Silencing Science Tracker

NASA Budget Cuts Proposed for FY19

On February 12, 2018, the White House Office of Management and Budget (OMB) released the Trump administration’s proposal for the budget of the U.S. government for fiscal year (FY) 2019. The budget proposes a 0.3% reduction in funding for the National Aeronautics and Space Administration (NASA) (compared to FY2017 levels). When amounts allocated under the 2018 Bipartisan Budget Act are taken into account, NASA would see its funding increase by approximately $0.3 billion or 1.3% (compared to FY2017).

Under the FY2019 budget proposal, funding for a number of key NASA programs would be reduced or terminated. Most notably, the budget proposes to end funding for the international space station (ISS) by 2025. It provides $150 million to begin a program that would encourage commercial development of capabilities that the National Aeronautics and Space Administration (NASA) can use in place of the ISS. According to a report in the Washington Post, NASA is exploring the possibility of privatizing the ISS, with internal documents stating:

“The decision to end direct federal support for the ISS in 2025 does not imply that the platform itself will be deorbited at that time — it is possible that industry could continue to operate certain elements or capabilities of the ISS as part of a future commercial platform . . . NASA will expand international and commercial partnerships over the next seven years in order to ensure continued human access to and presence in low Earth orbit.”

The budget also proposes that NASA increase reliance on commercially-operated satellites.

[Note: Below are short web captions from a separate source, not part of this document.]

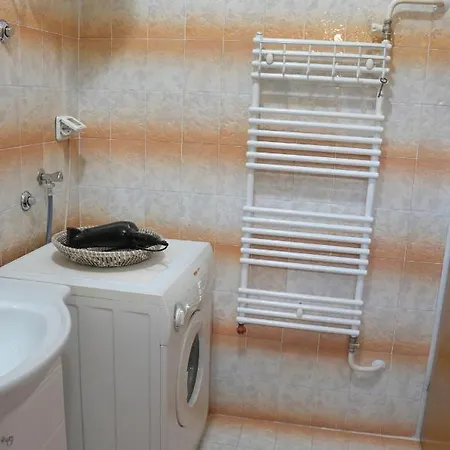 Simovic Апартаменты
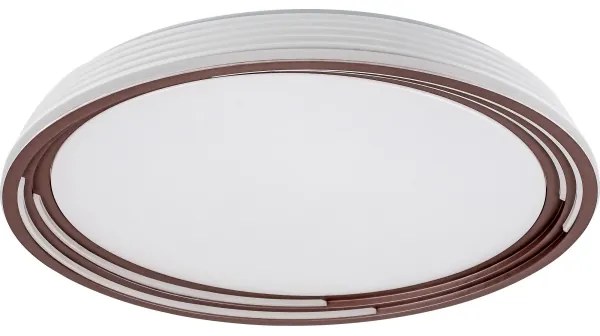 Rabalux - LED Stmievateľné stropné svietidlo LED/36W/230V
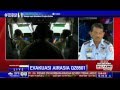 Dialog Awal Penemuan Serpihan AirAsia 1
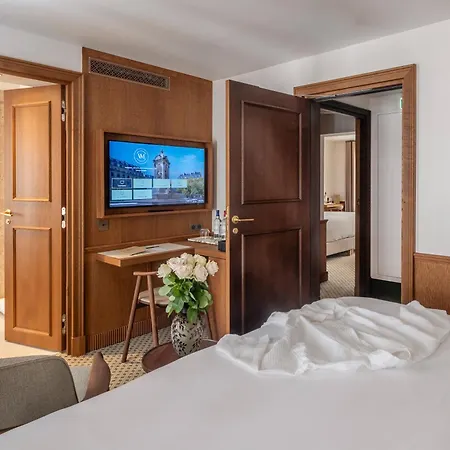 Hotel Madame - Saint-germain-des-pres 4*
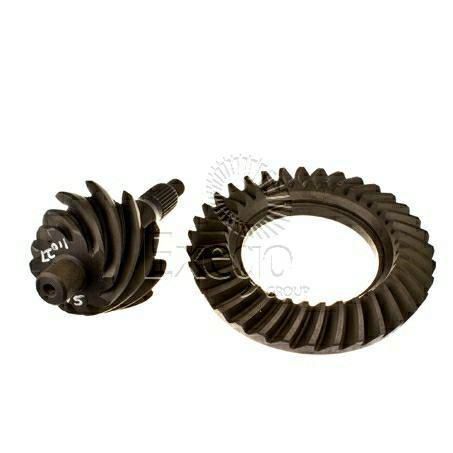 YUKON C/PINION YUKON 3.50 FORD 9IN YGF9-350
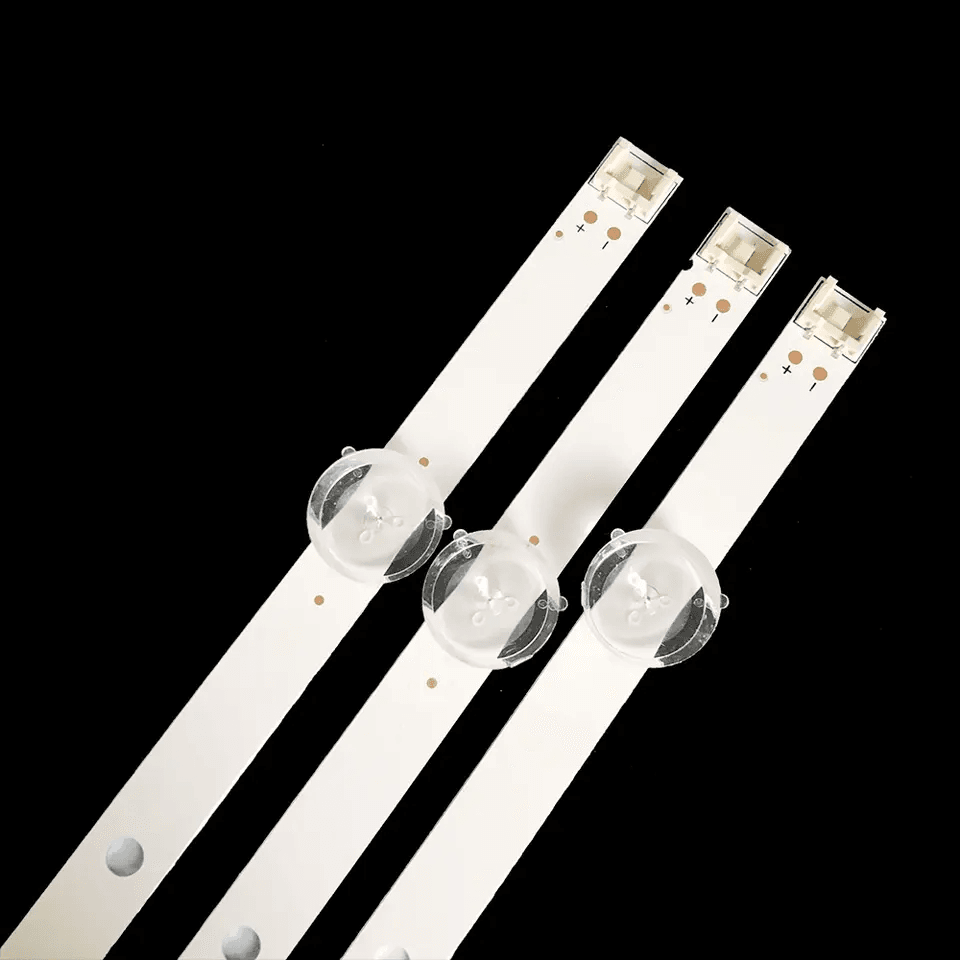Tiras / Barras Led Para Tv 32" LG 32LN540B - Image 5
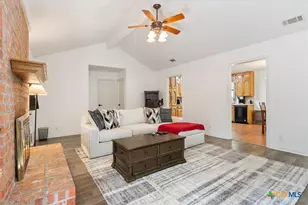 731 Baines St, Salado, TX 76571 - Photo 6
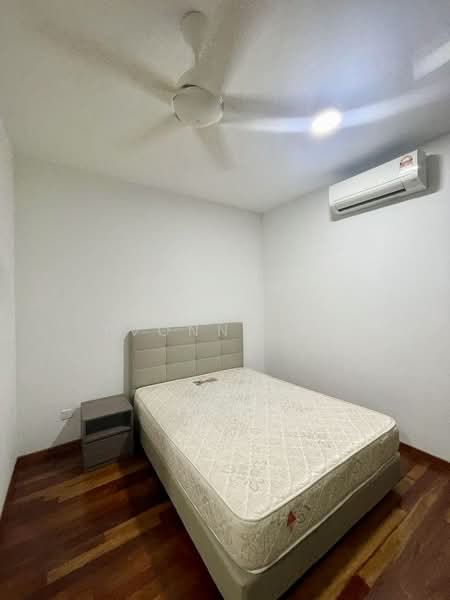 Cluster House for Rent in Iskandar Puteri (Nusajaya) (Johor) - Yvonne Ng - Bedroom - PropertyGuru.com.my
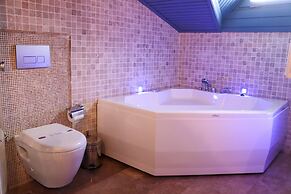 Cunda Rota Hotel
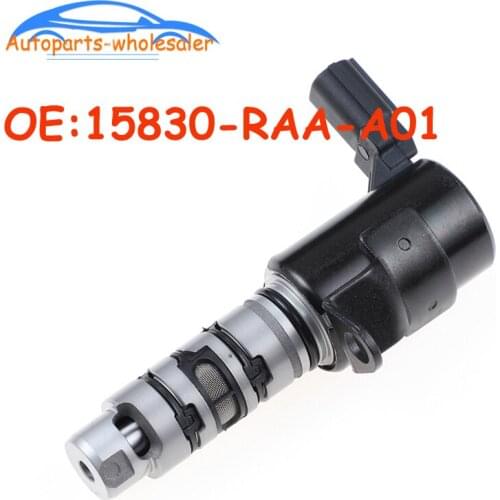 Car accessories For Honda Element 15830-RAA-A01 15830RAAA01 917-277 Variable Valve Timing Control Valve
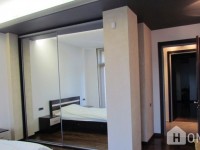 For Rent, 4 Room, New building, Tbilisi, saburtalo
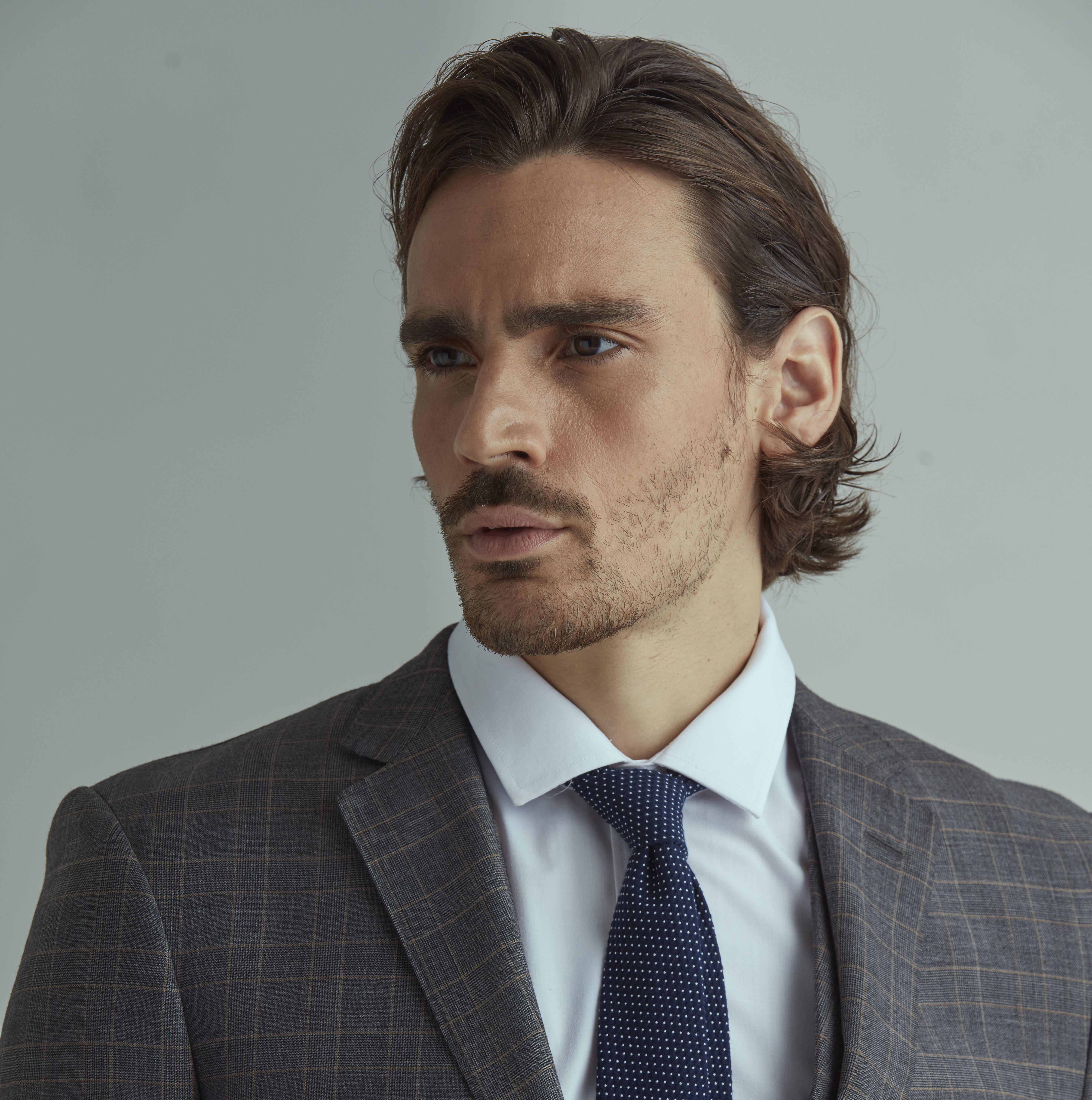 【衣当先推荐】新郎超值6件套租赁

The budget would reduce funding for “NASA’s current Government owned and operated fleet of communications satellites and associated ground stations” and cancel, “pending an independent review, an overbudget project to upgrade the current” fleet.

The budget also proposes to cut funding for NASA’s Earth Sciences research program by approximately 6% and its Astrophysics program by 12%. Five Earth Science missions—PACE, OCO-3, RBI, DSCOVR Earthviewing instruments, and CLARREO Pathfinder—would be terminated along with and one Astrophysics project—the Wide-Field Infrared Survey Telescope (WFIRST).

Update: On September 28, 2018, President Trump signed H.R. 6157 (Department of Defense and Labor, Health and Human Services, and Education Appropriations Bill, 2019 and Continuing Appropriations Bill, 2019) into law. Division C of H.R. 6157 provides continuing appropriations for NASA and certain other federal agencies through December 7, 2018. Most NASA projects and activities are funded at FY2018 levels.

On December 8, 2018, funding for NASA and certain other federal agencies lapsed, leading to a partial federal shutdown government. After 35 days, on January 25, 2019, President Trump signed H.J. Res. 28 into law. The resolutiion provides continuing appropriations for various federal agencies through February 15, 2019.

On February 15, 2019, President Trump signed H.J. Res. (known as the “Consolidated Appropriations Act, 2019”) into law. The Act funds NASA and certain other federal agencies through FY2019. In that year, NASA will receive total funding of $21.5 billion, up $764 million from FY2018 levels.